12-16-2011, 07:33 AM
Esofia: In Germany the doctors tell all their patients to never take an over the counter iron supplement - not even the herbal ones, because of liver damage.

Is this similar in the UK?

12-16-2011, 08:56 AM
First off, congrats on the loss! You have done amazing!

I know how you feel. I remember when I lost my first 20 pounds and thought: "ok, just 20 more." And well as I got closer to that number I knew I needed to lose more. So I decided to follow the BMI and set it down to 140, or 60 pounds lost. As I got closer to that I set it to 130. I thought about going even lower at one point, but when I got closer to 140 I realized that I really like the shape I had. Sure, my stomach wasn't perfect or anything but my weight kept coming off from my hips...I knew that more weight loss probably wouldn't help my stomach and I really needed to focus on toning over weight loss, so I moved my goal to 135 (plus I'm large framed so 130 is at the really really really low end of what I can weigh).

I'm not completely happy now that I've gotten to that goal by any means, but I think it's important to realize that we're never going to have "the perfect body." That's what I was chasing—perfection—and I needed to realize that the perfect body doesn't exist! More and more weight loss won't necessarily help get us closer to the perfect body.

Most recently I studied pictures of me when I weighed 145-146 pounds and I have to admit that I don't understand why I was unhappy with that weight. I actually really like how I look in those pictures now and almost think I look better there than I do now! Sure I was technically "overweight" but once again I'm large framed so that weight was actually healthy for me! I was so focused on the numbers and chasing an illusion of perfection that I didn't stop and see what I already had.

Esofia has the right idea. You might want to consider maintaining for a time and seeing how you feel. It's what I'm doing right now because I'm not sure another 5 pounds is really going to matter, but it's also not a big deal to jump back into weight loss mode and take them off.

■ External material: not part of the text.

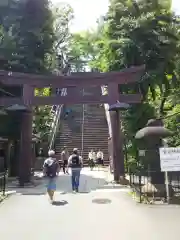 愛宕神社の鳥居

I also suggest looking at pictures and comparing them...sometimes they really put things in perspective.

12-16-2011, 11:17 AM
Also realize it takes the body time to shrink up the skin and to look better. I'm realizing with body that it is a slow process, but event Hugh I'm still saggy, it is still getting better and better. Also.... I think we think that we all should look like cover girls. Guess what? They are the exception, not the rule! And, a lot of their looks is touched up. Very, very few of us have bodies we find are perfect.

12-16-2011, 11:38 AM
I've struggled with this issue for over a year. In Sept 2010 I got down to the top of my BMI range, which was my official goal. Then I kept going until I got 20 pounds below that. I liked how I looked, but at the same time, I felt like I looked the same as I had when I started losing (my bust still didn't stick out further than my tummy from the side view - ugh!). But then my weight loss stalled out (a lot of stress during that season) and I spent a year messing around and seeing what I could get away with in terms of eating.

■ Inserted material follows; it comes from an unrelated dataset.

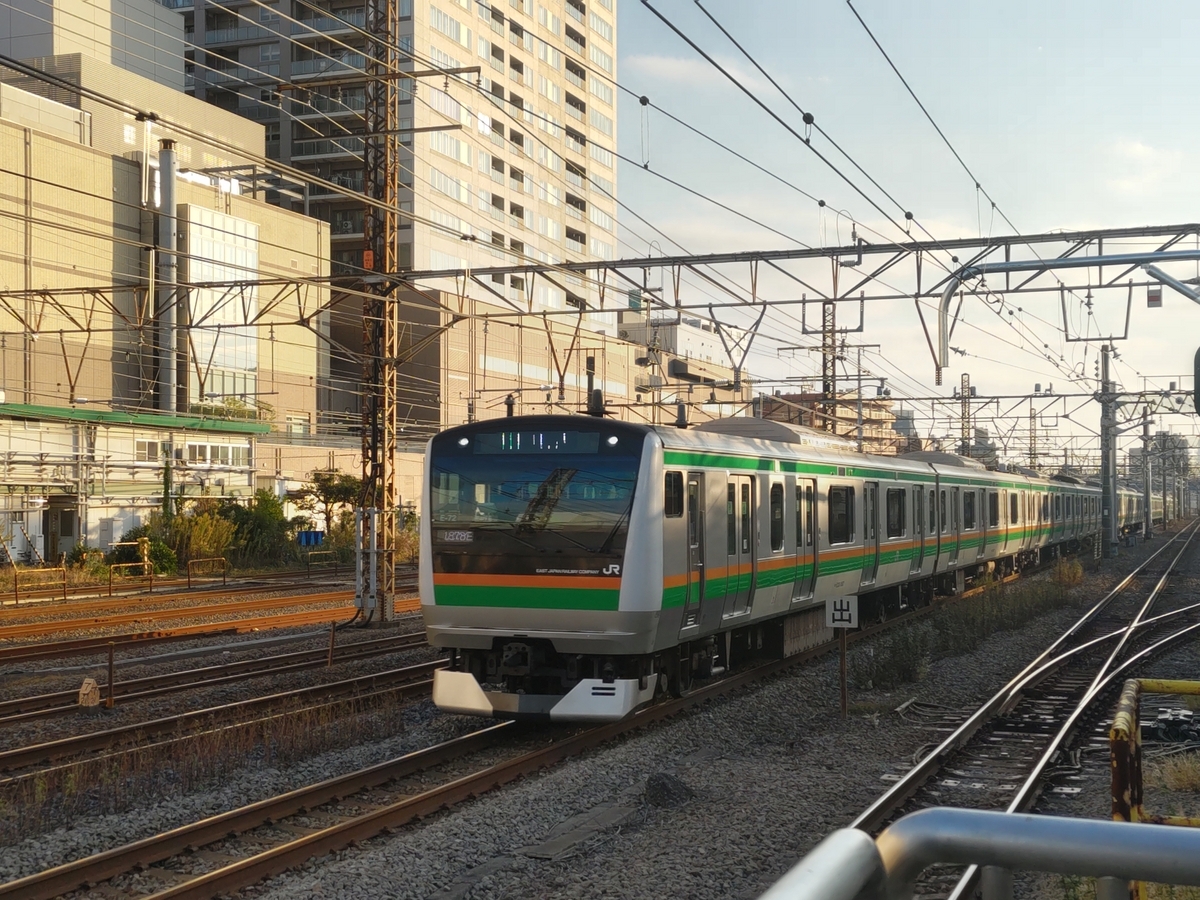 川口 湘南 新宿 ライン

I am now back at the top of my BMI range and in the last couple weeks, I've finally found my groove again and have been staying right on plan. I have every intention of getting back down to where I was, and this time I intend to stay. I have added yoga to my workout routine so I should be getting some toning and lengthening from that, which should help me look better. And there is a difference between my body here and there, and I liked my body there better. I think a lot of why I didn't stay there was self-confidence - I got fat in the 9th grade and had never been in the healthy weight range since then.

So my short answer would be to keep going and give yourself time. Your weight loss will be slower in the healthy range. Be deliberate, make sure you have a balanced workout routine, and give yourself time to find where you want to be. It may take more than a year. It's not a question you can answer overnight.

Congratulations on your achievement! Savor what you have accomplished!